◆ **Exercise requirements**:
Each entry that follows is to be duplicated exactly, without its images.

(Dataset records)
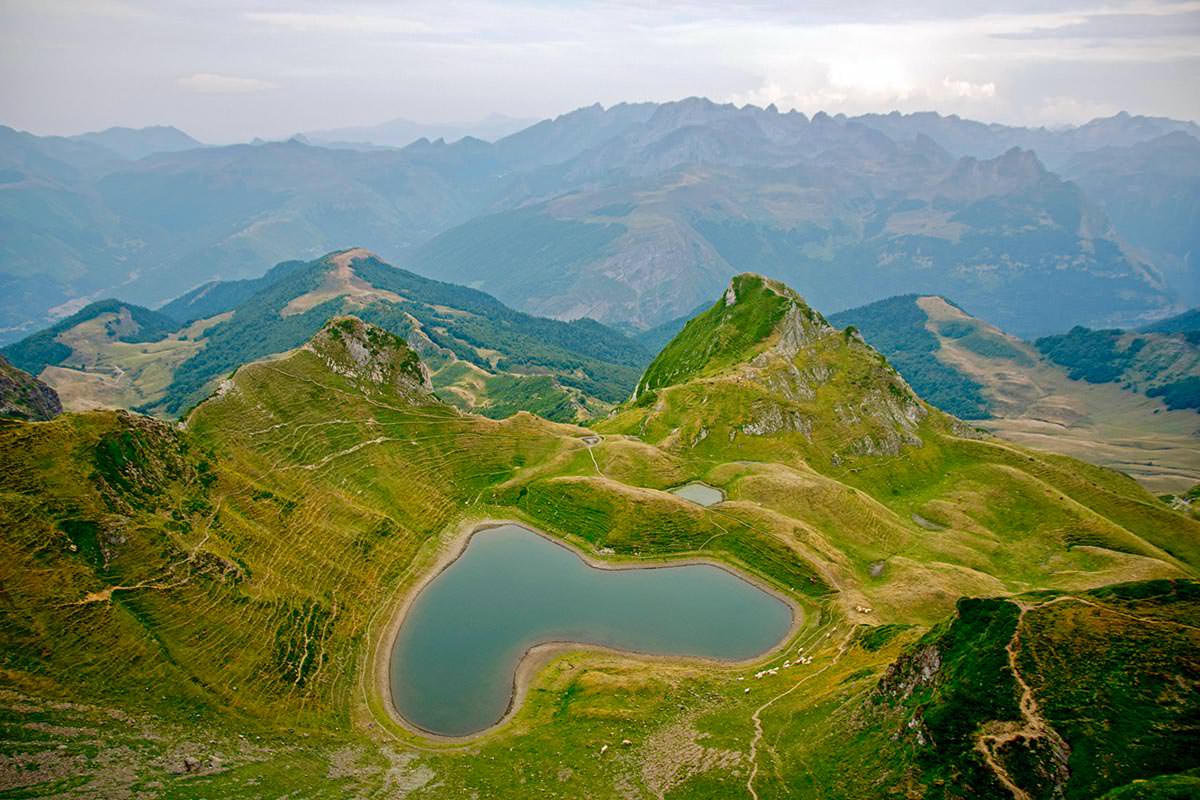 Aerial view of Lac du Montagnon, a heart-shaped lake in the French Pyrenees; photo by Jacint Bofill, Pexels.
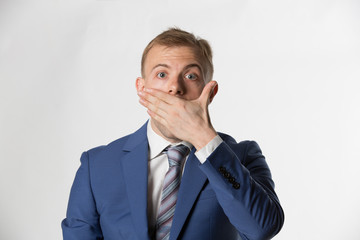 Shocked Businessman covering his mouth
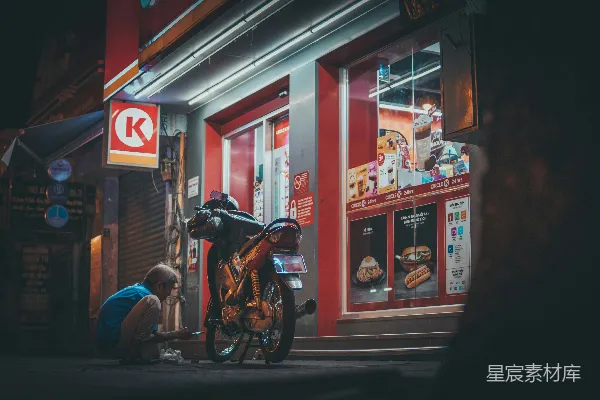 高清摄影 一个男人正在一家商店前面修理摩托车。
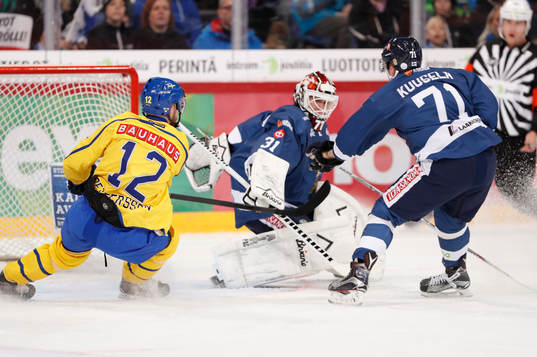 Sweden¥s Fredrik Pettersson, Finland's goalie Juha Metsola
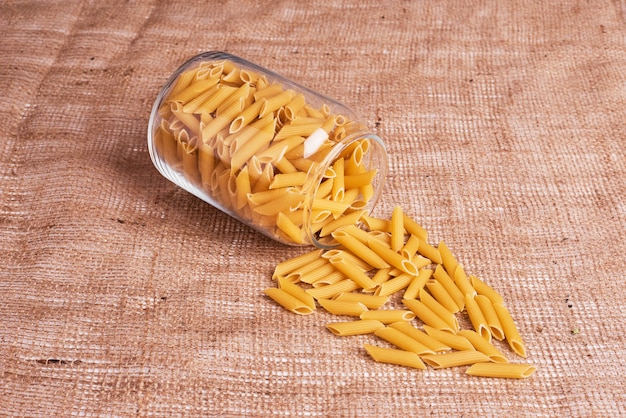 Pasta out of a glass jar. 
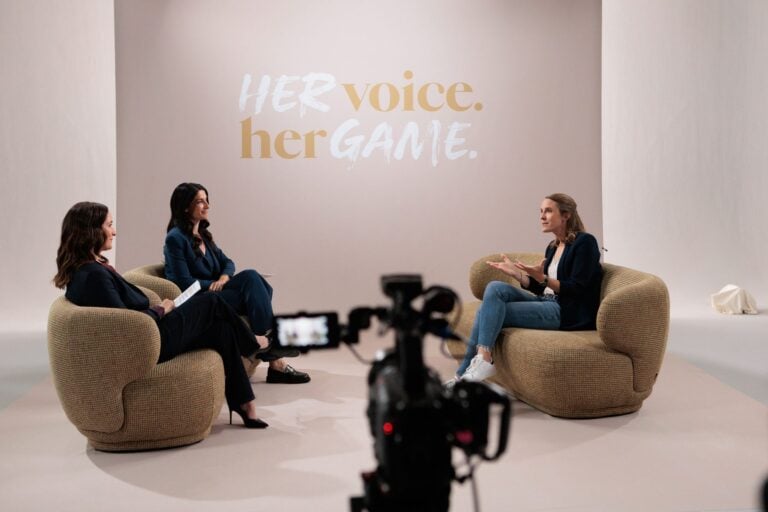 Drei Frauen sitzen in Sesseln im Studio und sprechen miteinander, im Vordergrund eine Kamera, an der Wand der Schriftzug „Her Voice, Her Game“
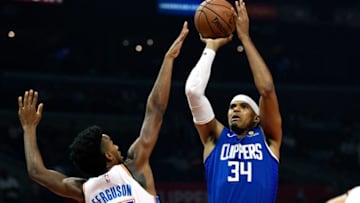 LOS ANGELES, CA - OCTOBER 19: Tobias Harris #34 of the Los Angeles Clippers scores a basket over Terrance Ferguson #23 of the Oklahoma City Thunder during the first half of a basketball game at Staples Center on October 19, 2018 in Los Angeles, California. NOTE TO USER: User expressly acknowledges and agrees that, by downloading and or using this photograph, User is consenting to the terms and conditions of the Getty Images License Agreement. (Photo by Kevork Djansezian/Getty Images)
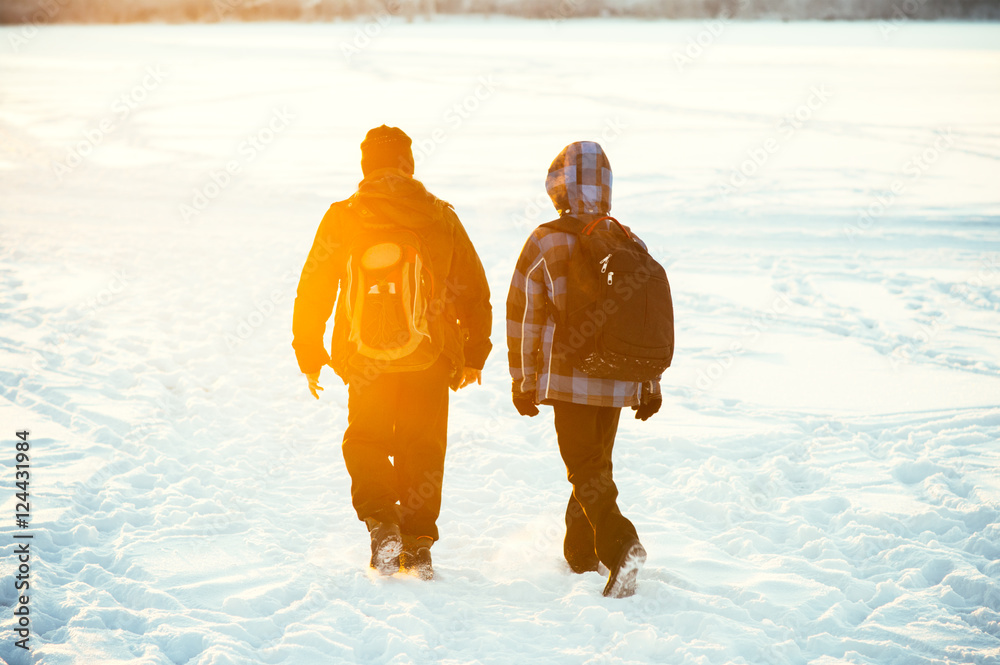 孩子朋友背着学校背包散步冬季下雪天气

◆ **Finished exercise**:
 Aerial view of Lac du Montagnon, a heart-shaped lake in the French Pyrenees; photo by Jacint Bofill, Pexels.
 Shocked Businessman covering his mouth
 高清摄影 一个男人正在一家商店前面修理摩托车。
 Sweden¥s Fredrik Pettersson, Finland's goalie Juha Metsola
 Pasta out of a glass jar. 
 Drei Frauen sitzen in Sesseln im Studio und sprechen miteinander, im Vordergrund eine Kamera, an der Wand der Schriftzug „Her Voice, Her Game“
 LOS ANGELES, CA - OCTOBER 19: Tobias Harris #34 of the Los Angeles Clippers scores a basket over Terrance Ferguson #23 of the Oklahoma City Thunder during the first half of a basketball game at Staples Center on October 19, 2018 in Los Angeles, California. NOTE TO USER: User expressly acknowledges and agrees that, by downloading and or using this photograph, User is consenting to the terms and conditions of the Getty Images License Agreement. (Photo by Kevork Djansezian/Getty Images)
 孩子朋友背着学校背包散步冬季下雪天气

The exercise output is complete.